• NOT SO BAD IN BAGHDAD: The Monitor's Danna Harman arrived in Iraq for the first time this weekend carrying some false expectations. "I'd watch the television coverage of the war, and was certain that large sections of Baghdad had been demolished. But there's much less damage than I expected. The bombing was very precise," she says.
After reporting from Africa for the past two years, she didn't find the daily inconveniences in Baghdad as bad as she had expected either. "Yes, the traffic is terrible. There's no police, no traffic lights, nobody is moving and everybody is honking. But the electricity outages are no worse than what I experience every day in my home in Nairobi, Kenya.

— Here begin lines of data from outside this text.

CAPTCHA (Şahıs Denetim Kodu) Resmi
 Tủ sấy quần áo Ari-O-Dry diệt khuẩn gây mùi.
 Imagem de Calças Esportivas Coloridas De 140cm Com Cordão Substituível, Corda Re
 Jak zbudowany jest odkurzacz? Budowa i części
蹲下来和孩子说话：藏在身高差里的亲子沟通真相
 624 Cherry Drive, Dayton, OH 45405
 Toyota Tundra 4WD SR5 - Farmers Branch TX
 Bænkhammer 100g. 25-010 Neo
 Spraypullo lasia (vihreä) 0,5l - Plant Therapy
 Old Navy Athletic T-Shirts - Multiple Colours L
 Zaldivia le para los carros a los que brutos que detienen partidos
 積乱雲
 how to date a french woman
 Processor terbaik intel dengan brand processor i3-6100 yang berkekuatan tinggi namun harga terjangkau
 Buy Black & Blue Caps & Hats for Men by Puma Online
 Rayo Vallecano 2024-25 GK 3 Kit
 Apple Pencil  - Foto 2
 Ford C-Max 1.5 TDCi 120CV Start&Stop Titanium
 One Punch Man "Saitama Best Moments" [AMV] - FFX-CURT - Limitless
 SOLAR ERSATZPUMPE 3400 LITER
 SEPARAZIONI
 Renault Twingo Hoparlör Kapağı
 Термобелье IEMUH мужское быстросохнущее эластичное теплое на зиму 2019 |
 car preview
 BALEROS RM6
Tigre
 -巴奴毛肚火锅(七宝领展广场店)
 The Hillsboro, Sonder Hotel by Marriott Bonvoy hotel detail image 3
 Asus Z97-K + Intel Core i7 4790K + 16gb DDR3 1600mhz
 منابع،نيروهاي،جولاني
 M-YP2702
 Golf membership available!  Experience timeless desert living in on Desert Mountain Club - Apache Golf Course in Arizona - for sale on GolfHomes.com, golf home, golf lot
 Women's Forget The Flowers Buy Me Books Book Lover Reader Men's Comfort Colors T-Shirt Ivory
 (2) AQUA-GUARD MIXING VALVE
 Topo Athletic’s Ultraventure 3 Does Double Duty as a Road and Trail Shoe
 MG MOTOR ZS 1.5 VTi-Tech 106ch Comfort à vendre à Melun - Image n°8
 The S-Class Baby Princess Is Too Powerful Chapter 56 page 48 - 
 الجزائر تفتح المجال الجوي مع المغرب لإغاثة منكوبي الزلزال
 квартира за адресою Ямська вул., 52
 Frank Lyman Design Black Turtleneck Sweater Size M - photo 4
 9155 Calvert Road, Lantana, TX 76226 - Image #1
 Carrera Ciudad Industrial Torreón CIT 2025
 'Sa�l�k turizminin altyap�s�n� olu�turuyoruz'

"What's really getting to people here, I think, is the uncertainty of what's next politically and economically (page 1). You have large numbers of people sitting at home, who don't know what's going on and don't know what their role is going to be," says Danna.
• QUAKE-PROOF HOUSING: When last week's quake hit in southeastern Turkey, reporter Yigal Schleifer had just visited Turks in Adapazari who had lost their homes in the 1999 quake. Then as now, one of the prevailing concerns is that buildings aren't constructed to withstand earthquakes (page 7).
In Adapazari, a refugee village for several thousand people was built with aid from Israel, using steel shipping containers. "The village included a mosque and a school in these in containers. It was supposed to be phased out as new homes were built. But about 40 families didn't want to leave," says Yigal.
"They told me they thought the containers were more earthquake proof than the traditional homes. They didn't want to move," he says.